**WHAT THE TASK REQUIRES:**
In the data below, find the line containing "Il centro migranti" and the line containing "18K gold necklace.", then reproduce them and every line between, exactly. Omit pictures.
PROVIDED MATERIAL START
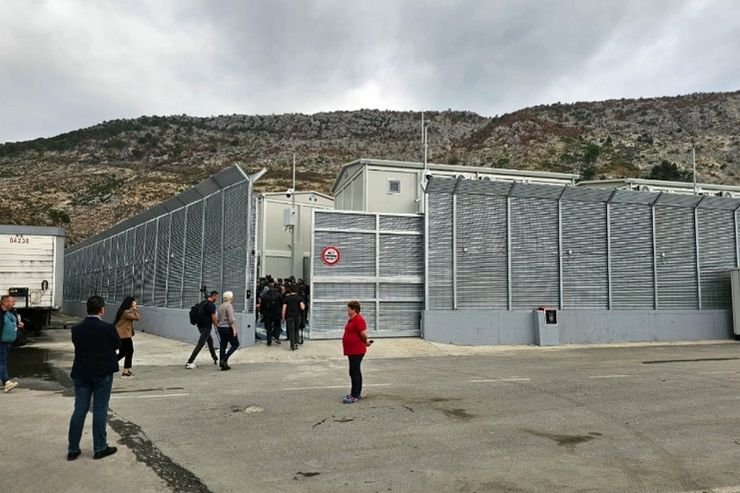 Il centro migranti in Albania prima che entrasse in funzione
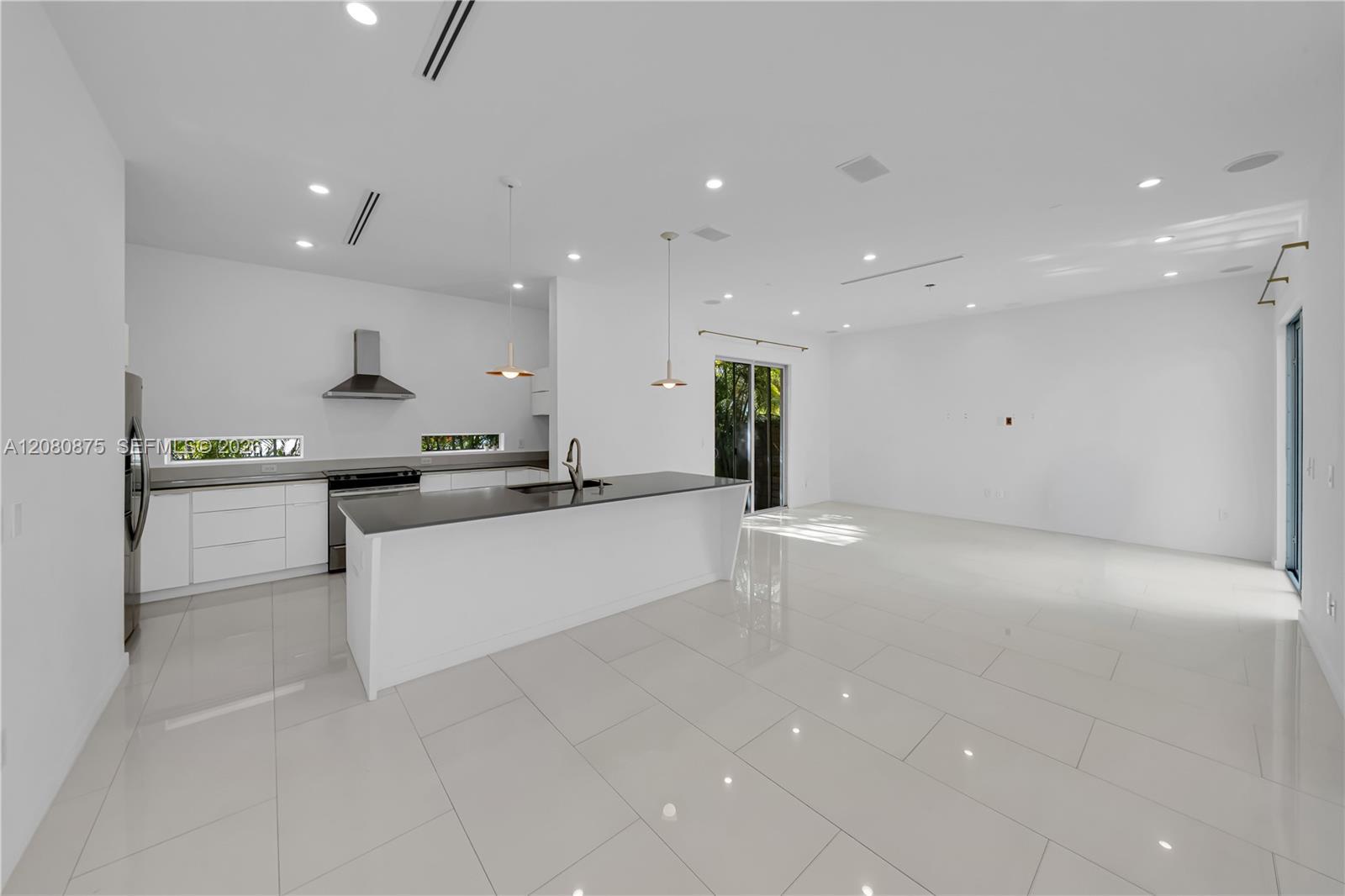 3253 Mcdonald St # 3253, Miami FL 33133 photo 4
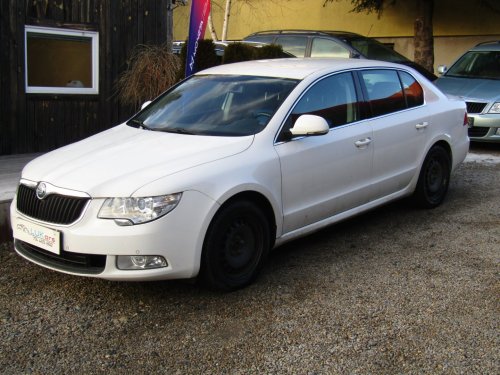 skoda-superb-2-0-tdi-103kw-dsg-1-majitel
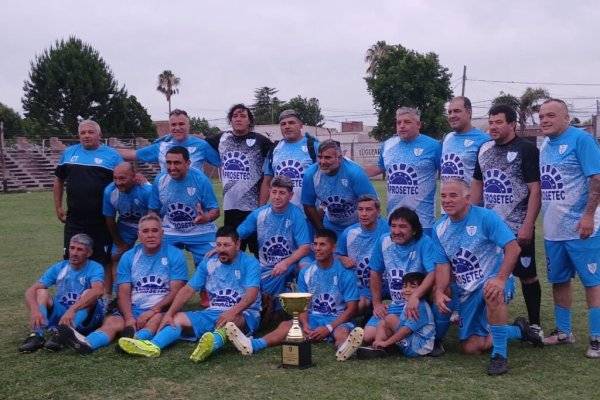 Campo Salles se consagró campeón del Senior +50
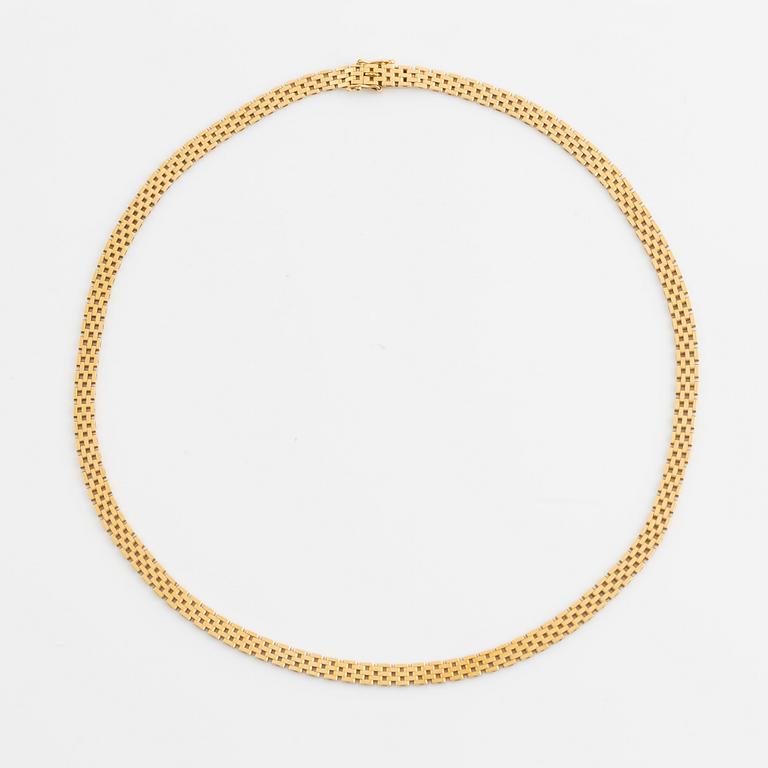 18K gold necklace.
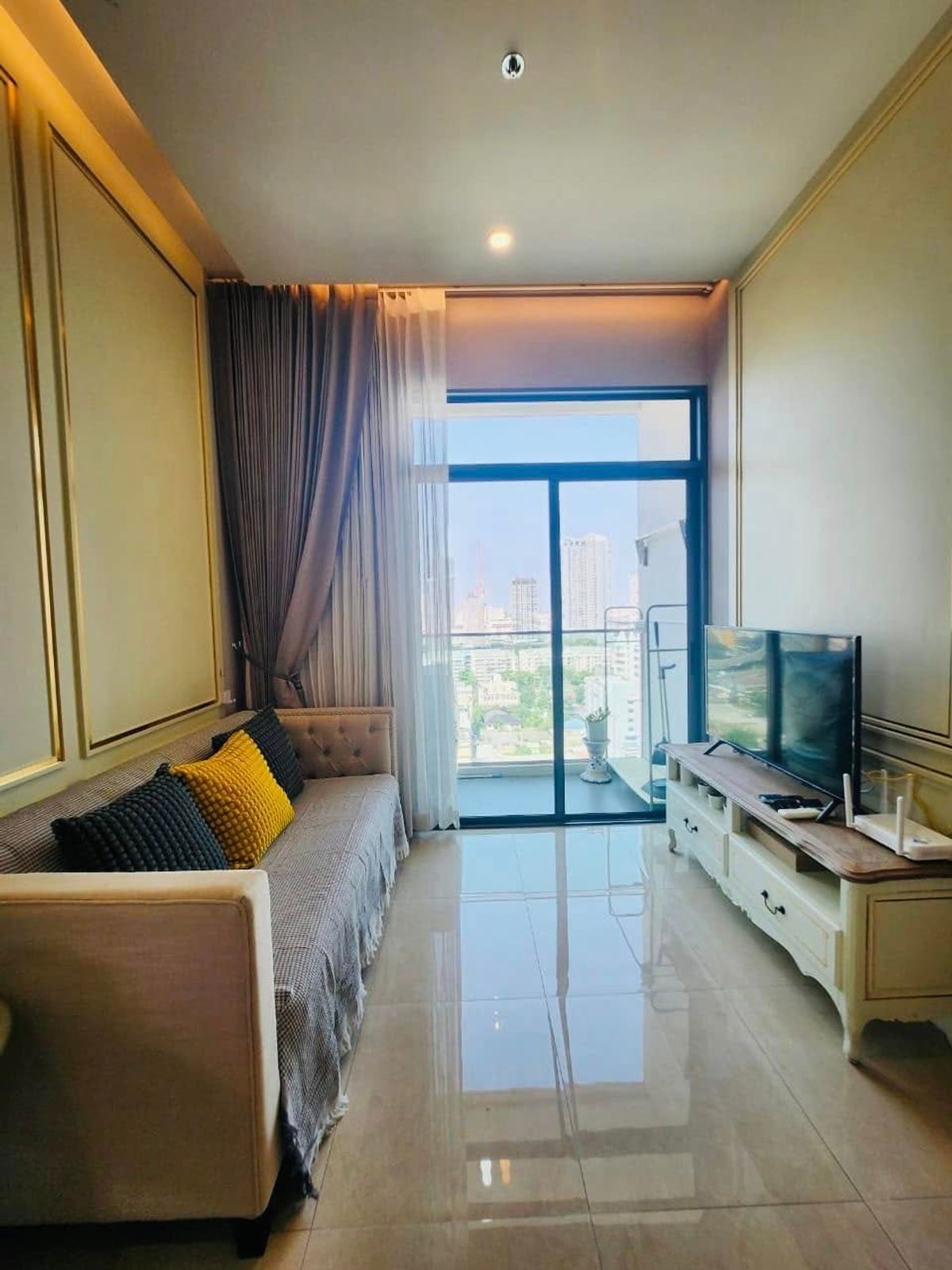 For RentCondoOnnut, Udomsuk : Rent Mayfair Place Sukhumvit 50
PROVIDED MATERIAL END
PROVIDED MATERIAL START
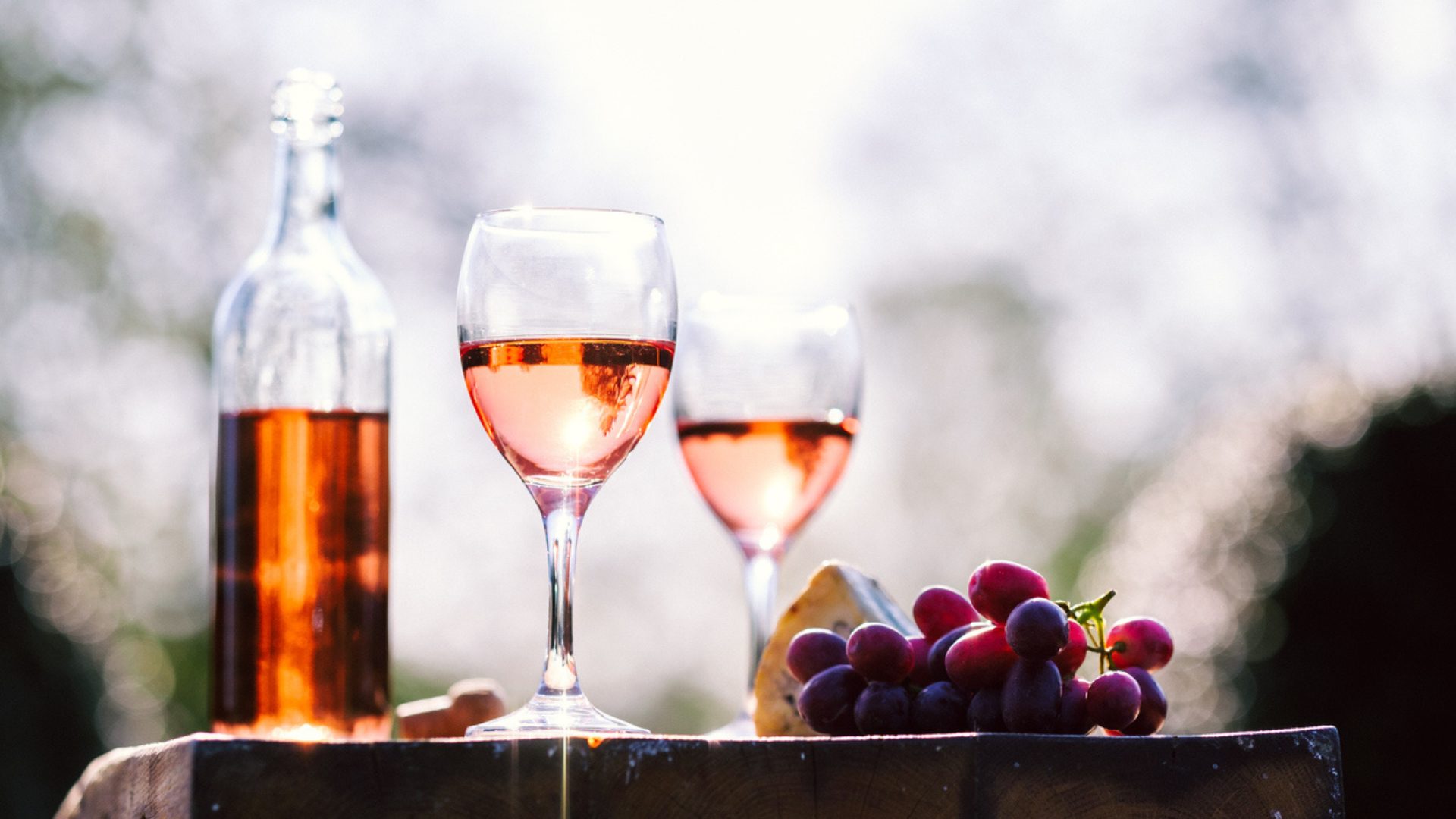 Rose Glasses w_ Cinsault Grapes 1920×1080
PROVIDED MATERIAL END
**RESULT OF THIS TASK:**
 Il centro migranti in Albania prima che entrasse in funzione
 3253 Mcdonald St # 3253, Miami FL 33133 photo 4
 skoda-superb-2-0-tdi-103kw-dsg-1-majitel
 Campo Salles se consagró campeón del Senior +50
 18K gold necklace.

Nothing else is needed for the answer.